A Napoli per la questione Bagnoli, il presidente Renzi
(prima volta di un Presidente del Consiglio) ha visitato Nisida. Una visita
inattesa: breve, un’oretta e mezza circa, e, nello stesso tempo, ricca: il premier non si
è limitato a stringere mani, prestarsi a varie foto, fare una serie di battute
divertenti, ma ha voluto assumere impegni importanti per lo sforzo di
risocializzazione che l’IPM svolge.
Tra le tante scene
che mi resteranno di questo giorno (ogni visita istituzionale sedimenta memorie
che fanno parte anch’esse di una sorta di album della storia della nostra repubblica),
comincio, mentre l’elicottero lascia il campo sportivo dell’isola, a scegliere
quella che mi sembra centrale.
Di fronte al grande aquilone che racchiude i nomi di
tanti morti ammazzati, un ragazzo, su invito del direttore, racconta come, all’interno
di un progetto in atto a Nisida da molti anni, ha incontrato la moglie dell’uomo
che ha ucciso.
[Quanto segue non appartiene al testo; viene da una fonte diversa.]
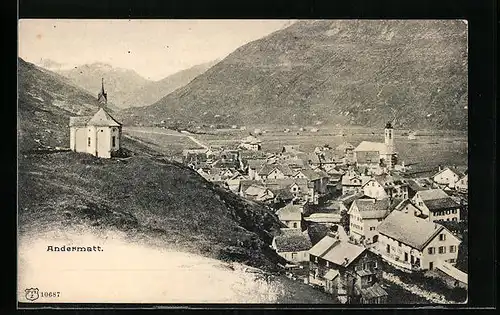 AK Andermatt, Teilansicht mit Kapelle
Un incontro forte, che lo ha scosso profondamente: perché la
signora non ha “alzato un muro” (“per me sarebbe stato più semplice”), ma ha
detto come, se lui cambierà vita, la morte del marito non sarà avvenuta invano.
Il premier ha ascoltato in silenzio, battendo più
volte la mano sulla spalla del ragazzo, mentre sul suo volto traspariva un’emozione
reale, una di quelle che fanno tacere.
È stato il direttore a suggellare il momento
aggiungendo qualche frase sull’importanza della restituzione, che (riprendo a parole mie), superandone gli aspetti
meramente aridi, dà alla pena un senso forte di ricostruzione sociale: l’unico davvero vincente.